Tuesday, December 12, 2006
Pants on Fire
Obviously, being lied to isn’t really a problem unless you believe it. So, for me, learning when not to believe has become a priority. It’s difficult (but not impossible) to spot a liar in someone you don’t know very well. There are body language signals you can watch for and other kinds of signs, but when interacting with a stranger, I find it distracting to focus my attention on trying to remember and notice the signs of a liar. I wind up asking him to repeat himself because I’ve been too busy trying to see if he’s telling the truth to even hear what he said.
In fact, the better you know a person, the easier it is to catch their lies. Specifically, after you've caught them in a lie once, you pay closer attention and watch for the next one (and it will come). You learn their unique “liar language,” the tics and quirks they take on when they practice to deceive.
But regardless of how well you know a person, the most absolute and surefire way to know if a person is lying is if they say something that you know for a fact is not true. Brilliant, right? And it’s not as hard as you might think. All you have to do is know things. Random things. Things that may not seem important at the time; things you wouldn’t imagine the person would lie about, as well as things you think they might lie about. Just know lots of things, and then pay attention to what they say. Not only what they say, but pay attention to what it is they want you to believe. Does it contradict some of the stuff you know to be true? What’s the person’s motivation for wanting you to believe the Untruth—honest mistake, self preservation or sinister manipulation?
Here’s some of the “liar language” I have learned over the years:
1) The classic sign of a liar is failure to make eye contact. Remember Ian, the crazy Englishman whose every word was a falsehood? This eye avoidance was something I noticed right away but dismissed it as a cultural difference or perhaps shyness or insecurity. In the absence of any other signs of shyness, I should have realized he was a bullshit artist from the moment we met. His eyes were constantly darting off to the side, bouncing off my face as he talked, peering at something across the room as though he were myopic.
And my ex-husband the ogre, when he lied, he’d stare at the TV or something, as if he were so disinterested in the conversation he could barely remember what he was saying. If you can't see his eyes, he's lying.
When faced with a false accusation, we face our accuser with full focus and direct eye contact. When denying a true accusation, we angle our bodies away from our accuser and look for means of escape (eyes darting toward the door or glancing at a watch).

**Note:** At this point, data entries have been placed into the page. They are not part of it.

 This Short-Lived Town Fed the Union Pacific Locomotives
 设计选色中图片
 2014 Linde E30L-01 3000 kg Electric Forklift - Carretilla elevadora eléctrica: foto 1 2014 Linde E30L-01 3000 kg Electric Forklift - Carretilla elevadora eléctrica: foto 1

2) Mis-spoken or unintelligible words. Ian did this too. Postured as "I’m so shocked and offended by what you’ve suggested that I can’t even think straight or string together a coherent sentence!" But a person who truly has been wrongfully accused will communicate very clearly, wanting to clear up the misunderstanding and make the truth known in no uncertain terms.
3) Predicting your suspicions and being pro-active in defending against them. When he starts explaining something you didn’t ask him about, he’s lying. When you ask a simple, innocent question and find the answer is strangely long and drawn out, filled with explanations you didn’t ask for, he’s lying.
4) People look up and toward their stronger hand when imagining something. They look toward the opposite hand when remembering something. If you watch Clinton’s Monica Lew testimony, you’ll notice his eyes go up and toward the left. For most people, this would indicate that he’s remembering events as they happened, not making them up or concocting a story. Until you remember that Clinton is left-handed...(don’t get me wrong, y’all, I love Bill Clinton and I miss him. But he is a liar. Yeah, like any politician isn’t? Don’t get me started on Bush’s liar language. Okay, here’s Bush’s liar language: is his mouth moving? He’s lying.)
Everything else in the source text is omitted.